A. Timeline for sensitization and challenges. WT or LC3-GFP mice were immunized with HDM as indicated. B. Western blot analysis of the expression levels of p62, LC3-I, and LC3-II in purified pulmonary CD11c⁺ cells. C. The levels of the indicated proteins are expressed relative to Actb. D. Confocal microscopy of purified lung CD11c⁺ cells from LC3-GFP (×600). E. The mean fluorescence intensity of LC3. Data are expressed as the mean ± SEM (n=3-9/group). *, P<0.05.

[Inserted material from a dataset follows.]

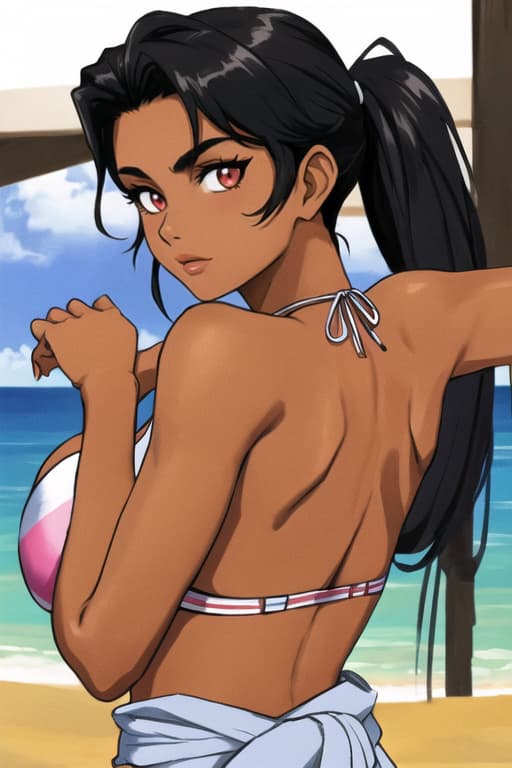Avatar of AI Girlfriend Sharon Ewing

Figure 4. Lack of autophagy in DCs induces IL-1 and IL-23, and Th17 polarization

A. BM-DCs from WT and Atg5^-/- mice were stimulated with or without HDM (50 μg/ml) for 36 hours. The cytokine levels in the supernatants were measured by ELISA. B. Quantification of mRNA expression by RT-PCR. C. BM-DCs from WT or Atg5^-/- mice were co-cultured with CD4⁺ T cells isolated from the lungs of HDM sensitized mice in the presence of HDM (10 μg/ml) for 3 days. HDM sensitization was performed according to Figure 1A. The cytokine levels were measured by ELISA. Data are representative of two experiments and expressed as the mean ± SEM (n=4-8/group). *: P<0.05, **: P<0.01.

Figure 5. Lack of Atg5 in CD11⁺ c cells causes unprovoked asthma and induces severe neutrophilic lung inflammation

A. Experimental time line. Cultured BM-DCs from WT or Atg5^-/- mice were stimulated with HDM for six hours, and then intravenously injected to WT mice. Then mice were intratracheally challenged with HDM stimulated BMDCs on day 8 and 15. B. Lung resistance (R_L) and C. dynamic compliance (C_dyn). D. Differential cell count in the BAL. E. Cytokine levels in whole-lung lysate. Pooled data from two experiments are shown (n=7-8/group). F. Lung resistance in CD11c-Atg5^-/- and wild type mice was measured at the steady state. G. Dynamic compliance. H. Differential cell counts in BAL. Values are expressed as the mean ± SEM. *: P<0.05, **: P<0.01, ***: P<0.001. TCC, total cell number; MAC, Macrophages; Eos, Eosinophils; Lym, Lymphocytes; Neut, Neutrophils.

Figure 6. Atg5^-/- mice develop IL-17A dependent steroid resistant airway inflammation A and D

WT and Atg5^-/- mice were immunized and challenged with HDM as described in Figure 1A and treated with dexamethasone (1mg/Kg) or anti-IL17ab (300μg) one day before HDM challenge. The mice were subsequently assessed for AHR by measuring R_L. B and E. BAL cells from the mice in Figure 6A and 6D were analyzed after AHR measurements. C and F. Lung tissues sections from WT and Atg5^-/- mice after dexamethasone or anti-IL17ab treatment were stained with H&E (× 200). Data are expressed as the mean ± SEM Data are representative of two independent experiments (n=5-6/group). *: P<0.05, ***: P<0.001.